Chuck Lever Sept. 18, 2015, 2:19 p.m. UTC | #2

Hi Devesh-


On Sep 18, 2015, at 2:52 AM, Devesh Sharma <devesh.sharma@avagotech.com> wrote:

> On Fri, Sep 18, 2015 at 2:14 AM, Chuck Lever <chuck.lever@oracle.com> wrote:
>> 
>> Commit 8301a2c047cc ("xprtrdma: Limit work done by completion
>> handler") was supposed to prevent xprtrdma's upcall handlers from
>> starving other softIRQ work by letting them return to the provider
>> before all CQEs have been polled.
>> 
>> The logic assumes the provider will call the upcall handler again
>> immediately if the CQ is re-armed while there are still queued CQEs.
>> 
>> This assumption is invalid. The IBTA spec says that after a CQ is
>> armed, the hardware must interrupt only when a new CQE is inserted.
>> xprtrdma can't rely on the provider calling again, even though some
>> providers do.
>> 
>> Therefore, leaving CQEs on queue makes sense only when there is
>> another mechanism that ensures all remaining CQEs are consumed in a
>> timely fashion. xprtrdma does not have such a mechanism. If a CQE
>> remains queued, the transport can wait forever to send the next RPC.
>> 
>> Finally, move the wcs array back onto the stack to ensure that the
>> poll array is always local to the CPU where the completion upcall is
>> running.
>> 
>> Fixes: 8301a2c047cc ("xprtrdma: Limit work done by completion ...")
>> Signed-off-by: Chuck Lever <chuck.lever@oracle.com>
>> ---
>> net/sunrpc/xprtrdma/verbs.c     |  100 ++++++++++++++++++---------------------
>> net/sunrpc/xprtrdma/xprt_rdma.h |    5 --
>> 2 files changed, 45 insertions(+), 60 deletions(-)
>> 
>> diff --git a/net/sunrpc/xprtrdma/verbs.c b/net/sunrpc/xprtrdma/verbs.c
>> index 8a477e2..f2e3863 100644
>> --- a/net/sunrpc/xprtrdma/verbs.c
>> +++ b/net/sunrpc/xprtrdma/verbs.c
>> @@ -158,34 +158,37 @@ rpcrdma_sendcq_process_wc(struct ib_wc *wc)
>>        }
>> }
>> 
>> -static int
>> +/* The wc array is on stack: automatic memory is always CPU-local.
>> + *
>> + * The common case is a single completion is ready. By asking
>> + * for two entries, a return code of 1 means there is exactly
>> + * one completion and no more.
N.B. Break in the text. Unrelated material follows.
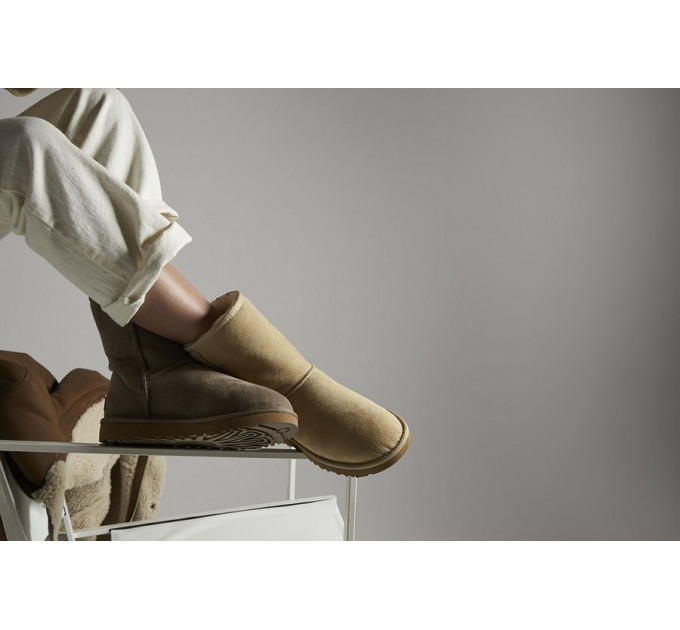 CLASSIC SHORT II SAND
We don't have to poll again to
>> + * know that the CQ is now empty.
>> + */
>> +static void
>> rpcrdma_sendcq_poll(struct ib_cq *cq, struct rpcrdma_ep *ep)
>> {
>> -       struct ib_wc *wcs;
>> -       int budget, count, rc;
>> +       struct ib_wc *pos, wcs[2];
>> +       int count, rc;
>> 
>> -       budget = RPCRDMA_WC_BUDGET / RPCRDMA_POLLSIZE;
>>        do {
>> -               wcs = ep->rep_send_wcs;
>> +               pos = wcs;
>> 
>> -               rc = ib_poll_cq(cq, RPCRDMA_POLLSIZE, wcs);
>> -               if (rc <= 0)
>> -                       return rc;
>> +               rc = ib_poll_cq(cq, ARRAY_SIZE(wcs), pos);
>> +               if (rc < 0)
>> +                       goto out_warn;
>> 
>>                count = rc;
>>                while (count-- > 0)
>> -                       rpcrdma_sendcq_process_wc(wcs++);
>> -       } while (rc == RPCRDMA_POLLSIZE && --budget);
>> -       return 0;
>> +                       rpcrdma_sendcq_process_wc(pos++);
>> +       } while (rc == ARRAY_SIZE(wcs));
> 
> I think I have missed something and not able to understand the reason
> for polling 2 CQEs in one poll?

See the block comment above.

When ib_poll_cq() returns the same number of WCs as the
consumer requested, there may still be CQEs waiting to
be polled. Another call to ib_poll_cq() is needed to find
out if that's the case.

When ib_poll_cq() returns fewer WCs than the consumer
requested, the consumer doesn't have to call again to
know that the CQ is empty.

The common case, by far, is that one CQE is ready. By
requesting two, the number returned is less than the
number requested, and the consumer can tell immediately
that the CQE is drained. The extra ib_poll_cq call is
avoided.

Note that the existing logic also relies on polling
multiple WCs at once, and stopping the loop when the
number of returned WCs is less than the size of the
array.


> It is possible that in a given poll_cq
> call you end up getting on 1 completion, the other completion is
> delayed due to some reason.

If a CQE is allowed to be delayed, how does polling
again guarantee that the consumer can retrieve it?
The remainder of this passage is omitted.